Ni una protesta. Dócil como una cervatilla. Me escama su obediencia. Marisol se ha sentado en la cabecera que corresponde a la dueña de la casa. Lo ha hecho durante tres segundos. Se ha incorporado.

—Perdón, pero no me encuentro bien. Creo que voy a potar.

Carrera desenfrenada. Afortunadamente ha llegado a tiempo al cuarto de baño. Ha devuelto los martinis y todo lo que tenía dentro.

—Perdón, Cristian. Pero no estoy preparada para esto. Quiero cenar en la cocina, con Ramona y con Flora.

—No, Marisol. Nunca más cenarás en la cocina. Tienes que vencer el miedo y los complejos.

—Pero hoy no, Cristian. Estoy borracha, me siento fatal y sólo quiero dormir. Discúlpame, por favor… y pide perdón de mi parte a tu madre y a don Ignacio.
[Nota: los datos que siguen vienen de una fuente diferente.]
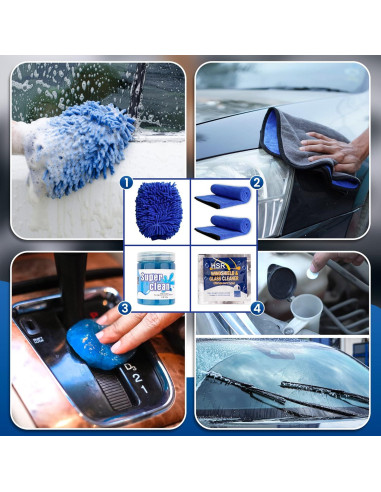 Kit de Detallado de Automóviles 31pcs Cuoreca CDK Profesional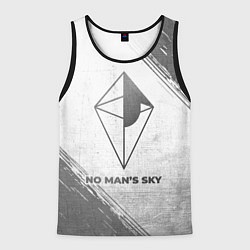 Мужская майка без рукавов No Mans Sky - white gradient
Pálida como el caolín ha subido hacia el cuarto. Comprendo su turbación y nerviosismo. Siente la agresividad de mi madre, su resistencia a dejar de ser la gran señora de La Jaralera.

—Sube tranquila, mi amor. Y no te preocupes.

Al entrar en el comedor he reparado en Mamá. Como una niña pequeña con la cantinela de «el que se fue a Sevilla, perdió su silla», ha vuelto a ocupar la cabecera de la mesa. Me he mantenido firme como un álamo.

—Mamá, a tu sitio. Aunque Marisol no se siente en la mesa (me ha pedido que la disculpe ante ti y don Ignacio), esta cabecera es de ella. Acostúmbrate a tu nuevo establo, Mamá.

Lo he dicho en broma, para quitar hierro al asunto, pero mi madre no lo ha interpretado bien.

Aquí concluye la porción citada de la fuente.